The Transparency Project has made a number of complaints and requests for correction to newspapers in the past year, most of which have been addressed in some way. There were two matters that were rejected by the paper (both happen to be about Telegraph articles by Christopher Booker) that we felt were so serious that we took our complaints to IPSO. (These stories, and the rather unsatisfactory outcomes, are described in our column in August [2017] Fam Law 908). Despite a good deal of ongoing criticism of IPSO as a ‘sham’ regulator, there is little political will to introduce anything stronger, as indicated by the government announcement to not re-open the Leveson enquiry nor to implement s 40 of the Crime and Courts Act 2013 which forms part of the post-Leveson structure set up under the Royal Charter on Press Regulation.

Nevertheless, we have not seen any subsequent stories from Mr Booker about ‘secret’ courts and there was a ruling on a complaint brought by the Cafcass guardian for the child in one of the cases we had complained about, although this ruling was in respect of another journalist, Sue Reid of the Daily Mail. She had covertly visited the child in hospital – which was held by IPSO to be in breach of the Editors’ Code of Practice (IPSO ruling no. 16372–17)

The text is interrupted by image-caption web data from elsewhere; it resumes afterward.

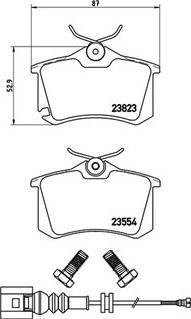 Magneti Marelli 363700485066 - Гальмівні колодки, дискові гальма autocars.com.ua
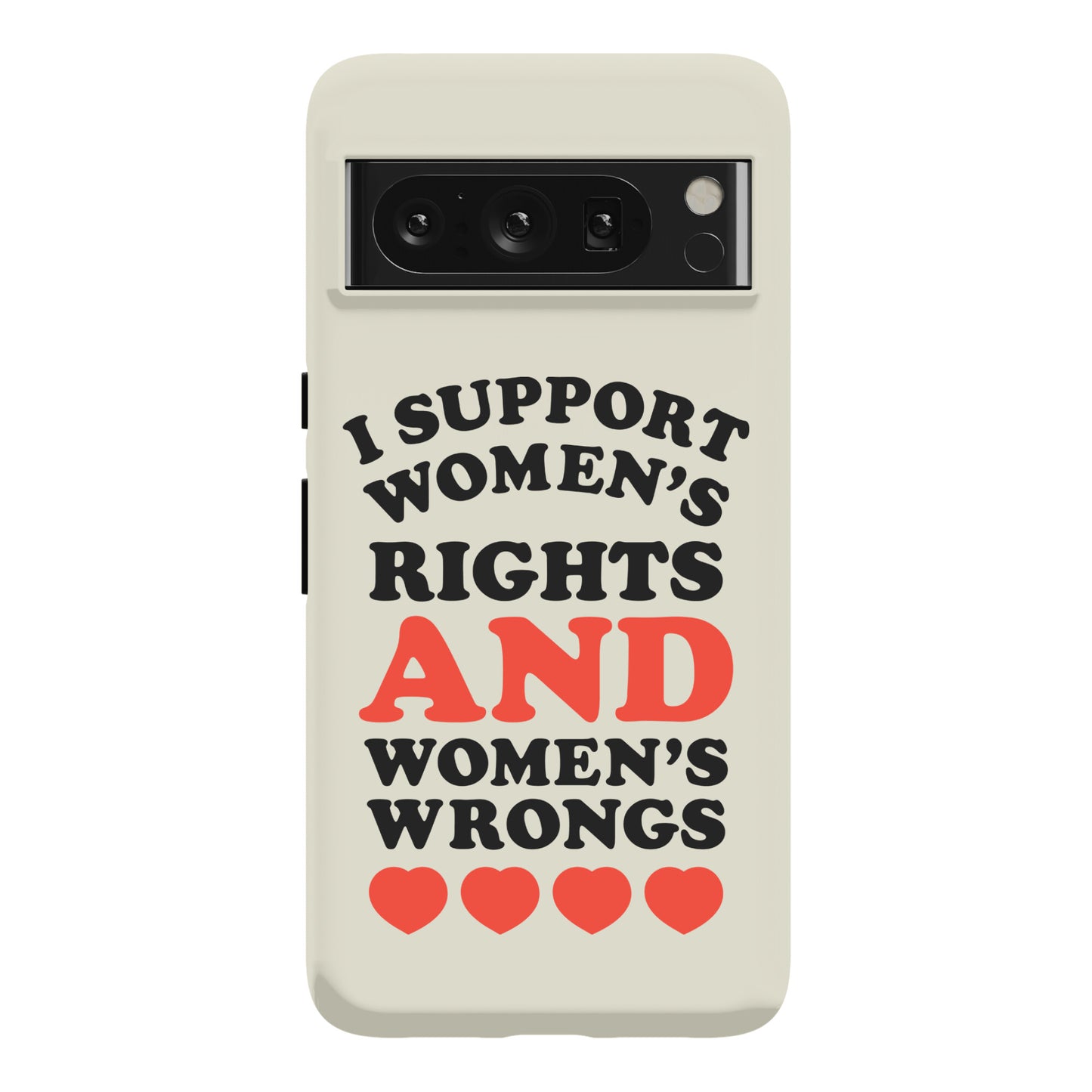 I Support Women's Rights AND Women's Wrongs <3 Phone Case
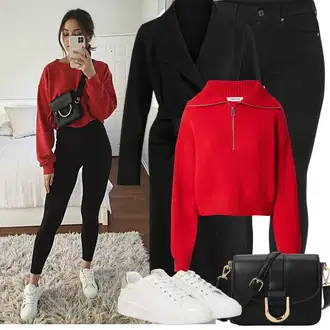 Elastický Outfit s Černá/Khaki Kožená bunda/Zimní bunda/Kožené Boty/Motorkářské Džíny/Termální Džíny/High Waist Džínové Kalhoty/Push up Džín Dr. Denim "Zimní Outfity"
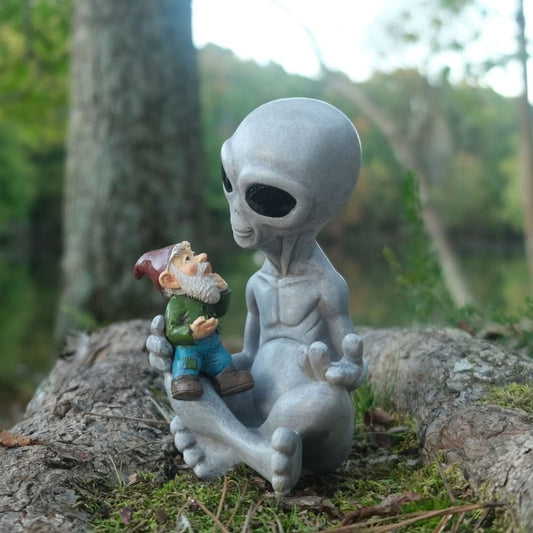 Alien  Gnome Garden Elf Ornament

The extreme cases we have referred to above did not involve any journalist attending court or analysing a BAILII judgment. More recent Family Division hearings, about the terminally ill babies Charlie Gard and Alfie Evans, have attracted huge amounts of ill-informed criticism although they were largely held in public. There is, however, growing concern about the decline in court reporting generally. In a recent exercise in Bristol Magistrates Court, journalism students recorded 50 ‘newsworthy’ stories in one week but they only saw one local press reporter after 3 days (P Chamberlain, The Justice Gap blog, 10 April 2018). Concerns have also been expressed by the Society of Editors and Professor Tim Crook, who have criticised the courts for discouraging court attendance (see The Transparency Project blog posts 21 January and 20 April 2018).

We recently had an interesting comment on The Transparency Project blog from Jon Clements (a former print and broadcast reporter who has worked in criminal and civil courts) to the effect that the courts and the judiciary had previously delegated responsibility for ensuring that justice was seen to be done to the media but that technology means that age has gone. He suggested that those in the justice system now need to take that task on themselves. However, as the first steps in the President’s attempt to do just that in family justice demonstrate, this is likely to be a slow, incremental process.